**The data**:
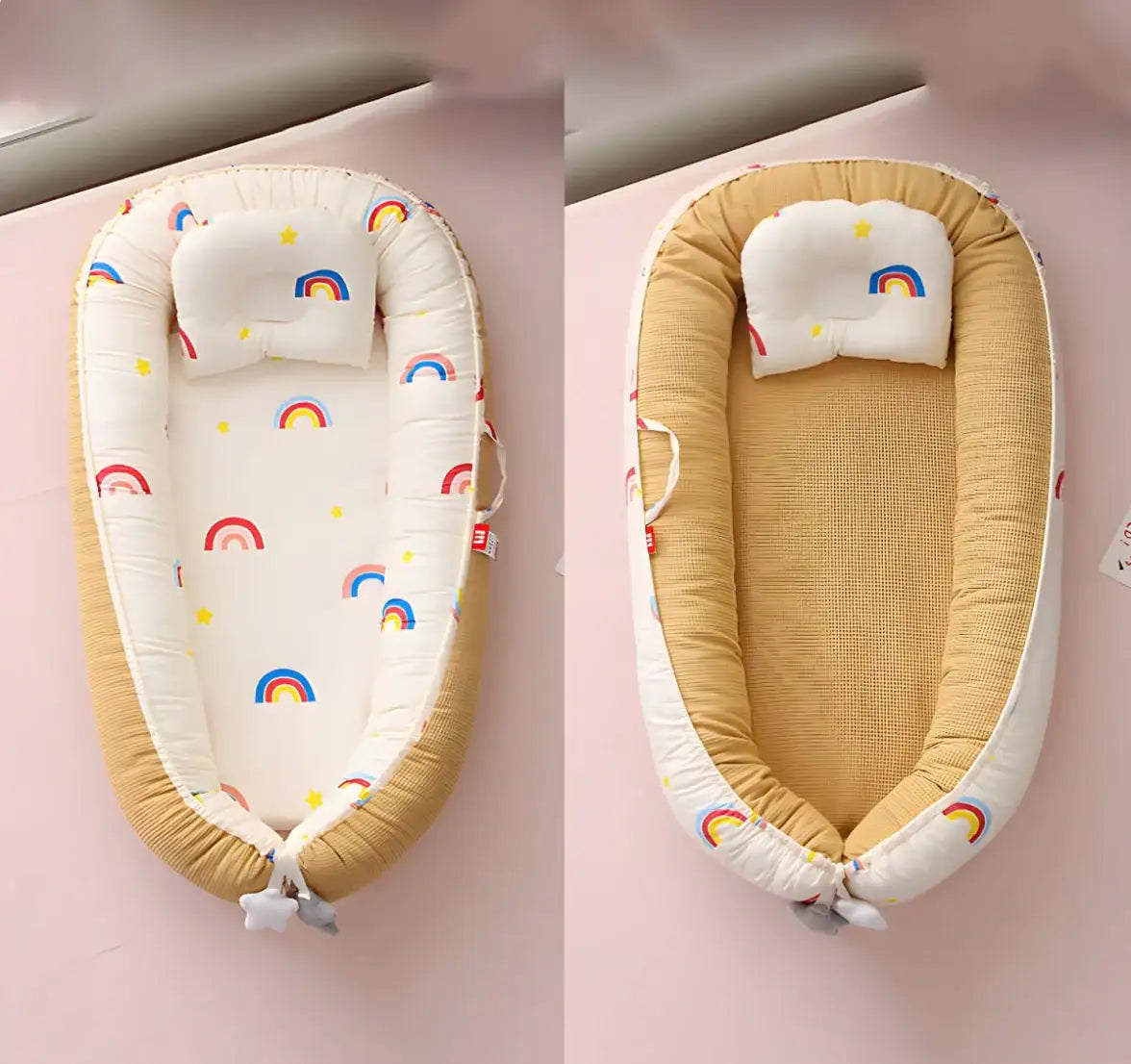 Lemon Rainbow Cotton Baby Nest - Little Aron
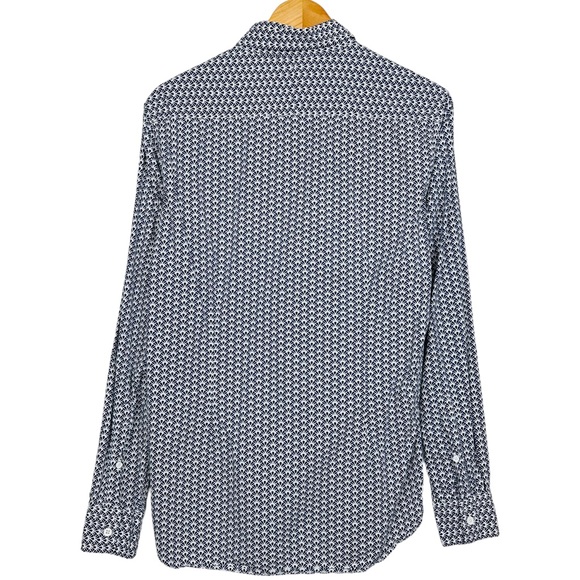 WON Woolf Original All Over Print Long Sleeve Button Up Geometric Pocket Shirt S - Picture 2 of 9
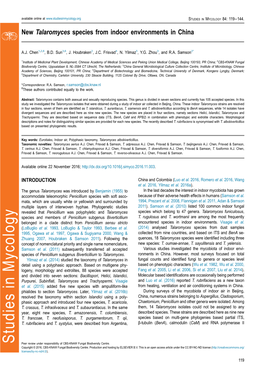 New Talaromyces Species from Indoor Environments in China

**Activity**:
Leave the pictures out. Otherwise, output the listing above exactly.

**Result of the task**:
 Lemon Rainbow Cotton Baby Nest - Little Aron
 WON Woolf Original All Over Print Long Sleeve Button Up Geometric Pocket Shirt S - Picture 2 of 9
 New Talaromyces Species from Indoor Environments in China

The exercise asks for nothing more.